Embora o Brasil tenha sido colonizado pelos portugueses, à cultura dos colonizadores somaram-se aqui outras, a indígena e a negra. A partir daí, o português da Colônia foi seguindo seu próprio rumo, distanciando-se e, por conseguinte, diferenciando-se cada vez mais do português da Metrópole. Como acontece em todo processo de colonização, a língua portuguesa saiu vitoriosa sobre as línguas nativas existentes antes do Descobrimento, porém não foi pelos seus próprios méritos.

De longa data, estadistas perceberam (ou intuíram?) a importância da língua como símbolo não só da identidade cultural, mas também da soberania nacional. Do sem-número de exemplos corroboradores dessa assertiva, vale aqui reportar apenas um. No Brasil-Colônia, a par da língua portuguesa havia se estabelecido a língua geral (mistura de tupi com português), a qual com certeza deveria ameaçar o domínio econômico-cultural dos então colonizadores. Por isso, em 1757, o Marquês do Pombal, em defesa do português, decretou a proibição do ensino da língua geral nas escolas. Tal decreto, passados mais de duzentos anos, reflete-se até hoje, e foi inquestionavelmente decisivo para a preservação do português como língua oficial do País.

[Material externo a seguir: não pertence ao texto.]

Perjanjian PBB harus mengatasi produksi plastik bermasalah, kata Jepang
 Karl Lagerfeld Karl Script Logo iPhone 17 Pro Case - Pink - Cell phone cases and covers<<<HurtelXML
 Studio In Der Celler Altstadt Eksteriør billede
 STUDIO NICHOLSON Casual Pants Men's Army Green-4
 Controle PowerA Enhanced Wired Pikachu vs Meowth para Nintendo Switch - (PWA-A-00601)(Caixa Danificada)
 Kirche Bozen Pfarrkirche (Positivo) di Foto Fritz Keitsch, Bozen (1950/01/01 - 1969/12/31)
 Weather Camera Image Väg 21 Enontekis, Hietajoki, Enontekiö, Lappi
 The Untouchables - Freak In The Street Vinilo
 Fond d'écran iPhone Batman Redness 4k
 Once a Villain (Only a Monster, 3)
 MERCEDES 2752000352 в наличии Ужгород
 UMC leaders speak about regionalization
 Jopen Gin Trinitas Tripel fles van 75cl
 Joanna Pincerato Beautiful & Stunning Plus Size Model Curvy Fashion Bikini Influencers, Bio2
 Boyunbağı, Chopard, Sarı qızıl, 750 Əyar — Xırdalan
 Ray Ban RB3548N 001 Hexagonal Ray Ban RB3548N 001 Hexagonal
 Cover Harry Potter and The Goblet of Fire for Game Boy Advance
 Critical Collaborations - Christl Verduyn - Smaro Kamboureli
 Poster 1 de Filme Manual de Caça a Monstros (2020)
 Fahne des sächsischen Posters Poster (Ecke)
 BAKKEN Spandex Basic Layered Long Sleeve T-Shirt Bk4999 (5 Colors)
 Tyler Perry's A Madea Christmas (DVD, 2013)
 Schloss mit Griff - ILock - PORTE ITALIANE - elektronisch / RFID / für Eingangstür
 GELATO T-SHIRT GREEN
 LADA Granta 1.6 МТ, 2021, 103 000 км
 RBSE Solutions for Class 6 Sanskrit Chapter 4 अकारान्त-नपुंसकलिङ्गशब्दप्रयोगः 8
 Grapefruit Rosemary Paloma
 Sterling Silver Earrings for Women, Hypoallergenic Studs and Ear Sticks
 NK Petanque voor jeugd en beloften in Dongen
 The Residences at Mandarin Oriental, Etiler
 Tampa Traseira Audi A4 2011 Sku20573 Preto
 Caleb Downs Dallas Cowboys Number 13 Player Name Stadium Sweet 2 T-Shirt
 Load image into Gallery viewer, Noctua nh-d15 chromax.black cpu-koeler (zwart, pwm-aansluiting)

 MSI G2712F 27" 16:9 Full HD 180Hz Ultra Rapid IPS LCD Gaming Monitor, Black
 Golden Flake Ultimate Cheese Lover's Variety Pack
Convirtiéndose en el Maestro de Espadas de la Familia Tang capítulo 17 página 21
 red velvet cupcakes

Logo, ao contrário do que poderia parecer, a idéia do projeto é revolucionária, pois defende a um só tempo a língua materna e a cultura brasileira, numa época de intensa globalização, com suas conseqüentes invasão cultural e descaracterização dos nossos hábitos e costumes, o que pode ser interpretado como neocolonialismo.

Lamentavelmente, os detratores desse projeto pensam de modo equivocado que, a partir da sua aprovação, não se poderá mais dizer ou escrever, por exemplo, futebol, mas sim a palavra totalmente ridícula ludopédio. As incompreensões e as críticas ao projeto revelam, no mínimo, três possibilidades: tais pessoas não leram o projeto, têm um total desconhecimento da história da língua portuguesa ou introjetaram outra(s) cultura(s).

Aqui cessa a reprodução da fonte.